Ethan barely seemed to hear her as he joined the three boys. Giving Sam a few basic instructions, he then held the back of the bicycle while Sam took his first wobbly turn around the yard. Laney watched from the porch steps.
To Laney’s amazement and, admittedly, pride, Sam caught on quickly, just as Ethan had predicted. Within half an hour he could go a short distance by himself before the bike began to wobble and he ha
d to stop and regroup. Shane and Logan rode their bikes around in circles, demonstrating their skill to their younger cousin. Sam watched them for a few moments, stuck his tongue out of the corner of his mouth and tried harder.
When he felt that Sam was well on his way, Ethan joined Laney on the porch.

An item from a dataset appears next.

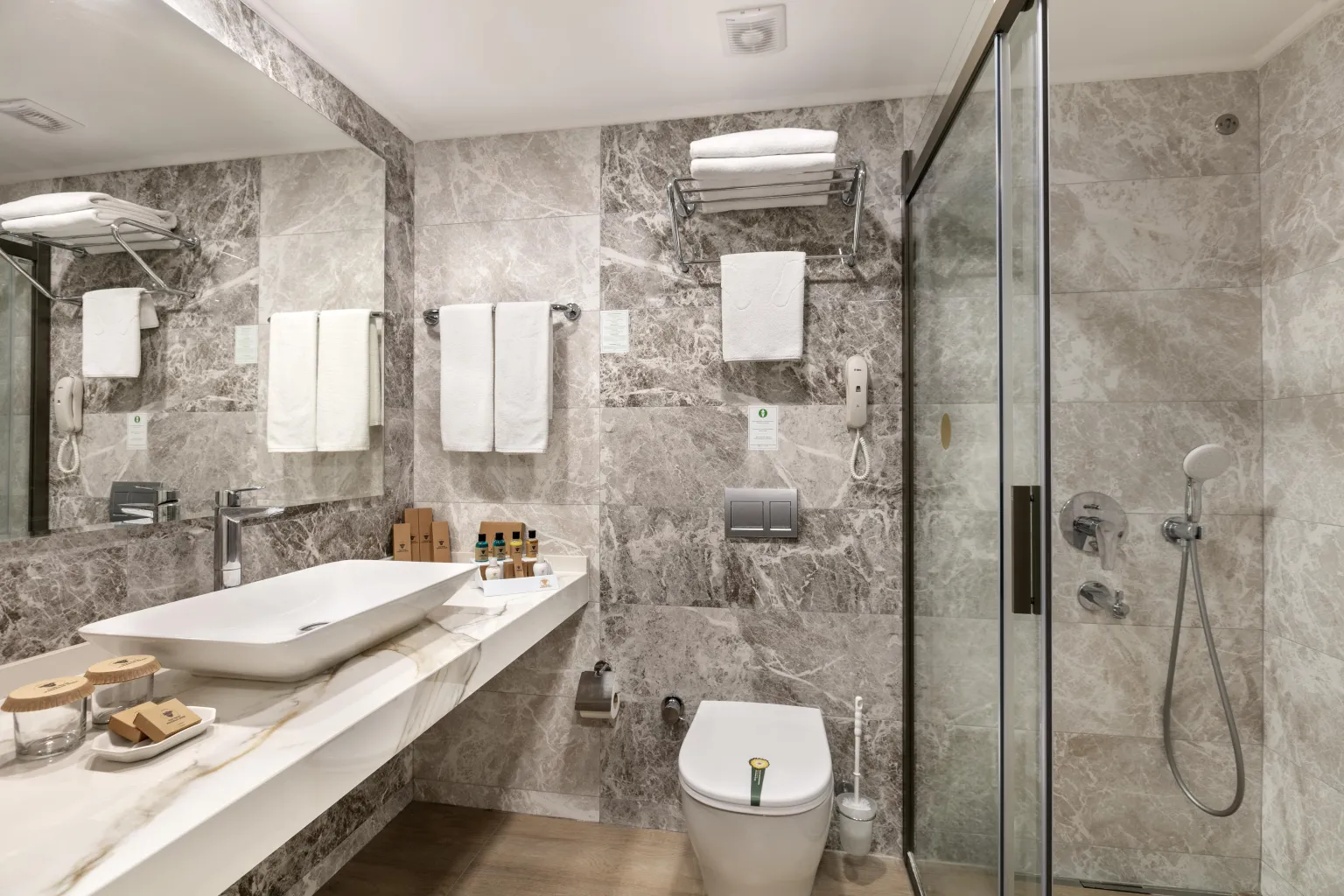 Comfort Anabina Aile Odası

“Told ya,” he said smugly.
Laney punched him on the arm. “I hate to admit you’re right.”
Ethan grinned. “He’s always had good balance. That’s why he walked so early. He’s an active kid. He needs something to keep him busy.”
Chin lifted and lips pinched together, Laney said, “I keep him busy.”
Ethan bumped her with his shoulder. “Oh, don’t get defensive. I’m not criticizing your parenting, but in town, he had other kids to play with. Jenny and the boys and I were only three blocks from your apartment. Our kids played together every day. It’s different out here.” He glanced at her. “But moving here was the right thing for you to do.”
“Still, you’ve got a point. He needs something to do besides make a nuisance of himself with the neighbor.”
“Who, Caleb Ransom?”
With a nod she told him about the encounters they’d had with their reclusive neighbor.
“I’m trying to keep Sam away from his place, but my son is enthralled with the animals, especially the dog, so it’s not easy.” Her shoulders slumped. “And I don’t think Ransom likes people very much.”
“Have you considered getting Sam his own dog?”
“Ethan, he’s four. He’s too young to be responsible for an animal. He can’t even tie his own shoes yet.”
“It would be a companion for him.”
“So the two of them can run off together? So Sam can take his new dog over to make friends with Ransom’s dog, Bertie? That’s all I need.” She gave him a helpless look. “Ransom...Ransom doesn’t like people very much, so I can’t imagine he’d want my son popping in to visit with his new puppy.”